シドニー20日ー昨年12月11日に発生したシドニー、クロヌラでの人種暴動とその報復事件に関する警察の報告書がついに公表され、一連の事件がオーストラリア多文化社会のあり方に大きな影響を与えたという見方を示した。
この報告書は引退した警視監、Norm Hazzard(ノーム・ハザード)氏によってまとめられ、20日に公開。クロヌラ暴動は人種的な偏見、アルコールと煽動的なSMSであおられたものだと指摘。ハザート氏は、一連の事件について、 海外での治安紊乱事件や、先にNSW州内で起こったRedfern(レッドファン)やMacquarie Fields(マッコーリー・フィールズ)での暴動と似たものだと位置づけた。
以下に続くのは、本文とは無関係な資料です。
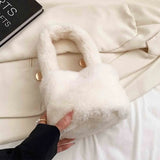 Winter Faux Fur Mini Shoulder Bag for Women Short Plush Tote Handbag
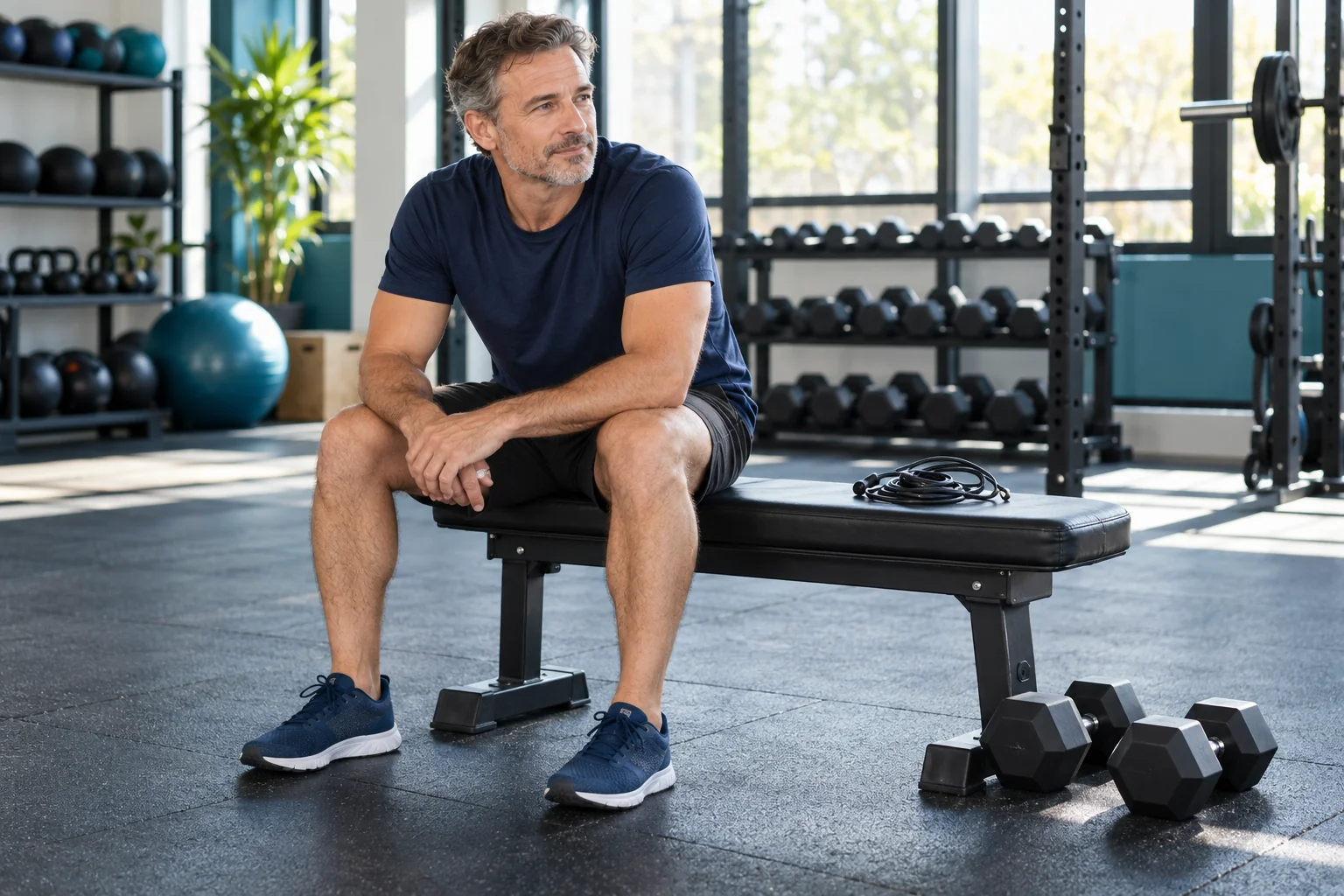 Man planning a session with a jump rope and dumbbells in a bright gym.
さらに、当時の巡査長が、暴動勃発に至るまでの人種間の緊迫状態を見誤り、それが原因で暴力的治安紊乱勃発の恐れを常に抱える社会情勢を招いたと指摘。また、携帯などのハイテク機器を使った攻撃は、事件を取り締まる際の新たな問題となり、このように仕組まれて社会不安が広がっていった過程が、前例のない激しい暴力騒動を国内に引き起こしたとまとめた。
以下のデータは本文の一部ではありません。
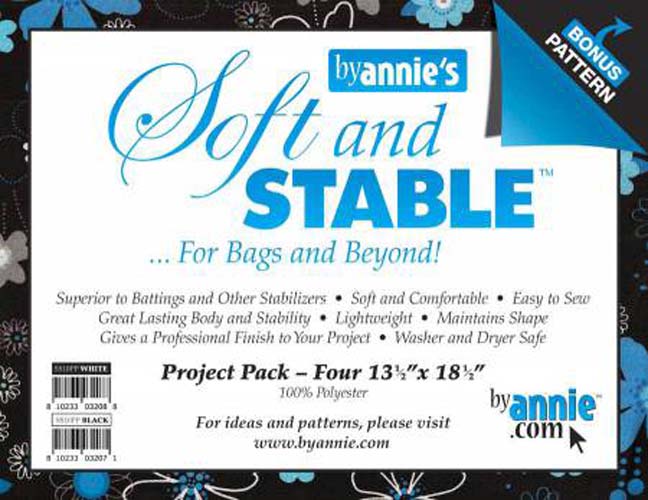 Soft and Stable - for bags & beyond  - Black -  4 pieces 13.5x18.5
この報告書には、事件報道の分析も含まれており、ラジオでの放送内容によって、英国系オーストラリア人全体が中東系の男達の攻撃対象とされているかのような社会認識を与え、事件が勢いづく原因になったと、マスコミの間接的影響を示した。
Carl Scully(カール・スカリ-)NSW州警察大臣、Ken Moroney(ケン・モロニー)NSW州警視総監は、まだ数名の上官から内容に関する返答が得られてないので、報告書は不完全だと述べた。